**Data shown:**

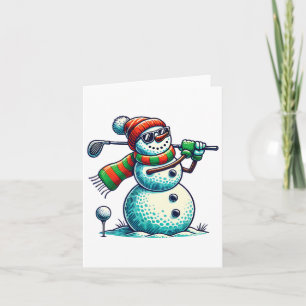 Grappige vrouw spelen golfbal Kerst Golf Liefde Kaart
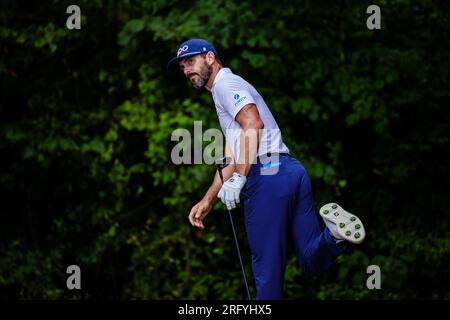 6. August 2023: Billy Horschel gibt am letzten Tag der Wyndham Championship 2023 im Sedgefield Country Club in Greensboro, NC, einen Abschlag für zwei. Scott Kinser/CSM Stockfoto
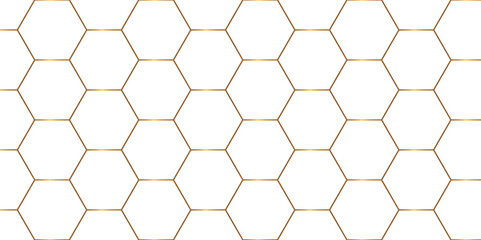 Illustration of a hexagon honeycomb vector background. Hexagonal shape geometric cell seamless.   - obrazy, fototapety, plakaty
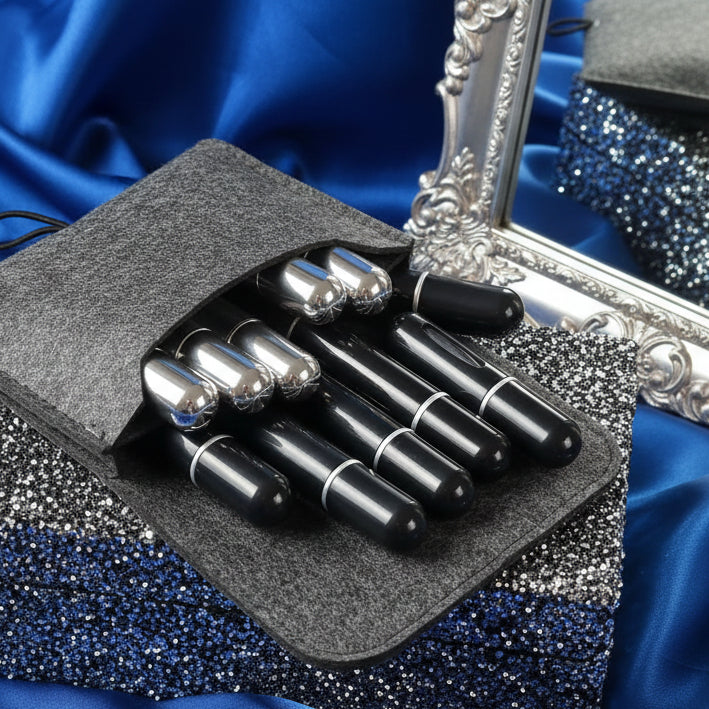 12 refillable samples + Free storage case - Options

**Requirement:**
Reproduce each line above precisely, with no pictures.

**Answer area:**
 Grappige vrouw spelen golfbal Kerst Golf Liefde Kaart
 6. August 2023: Billy Horschel gibt am letzten Tag der Wyndham Championship 2023 im Sedgefield Country Club in Greensboro, NC, einen Abschlag für zwei. Scott Kinser/CSM Stockfoto
 Illustration of a hexagon honeycomb vector background. Hexagonal shape geometric cell seamless.   - obrazy, fototapety, plakaty
 12 refillable samples + Free storage case - Options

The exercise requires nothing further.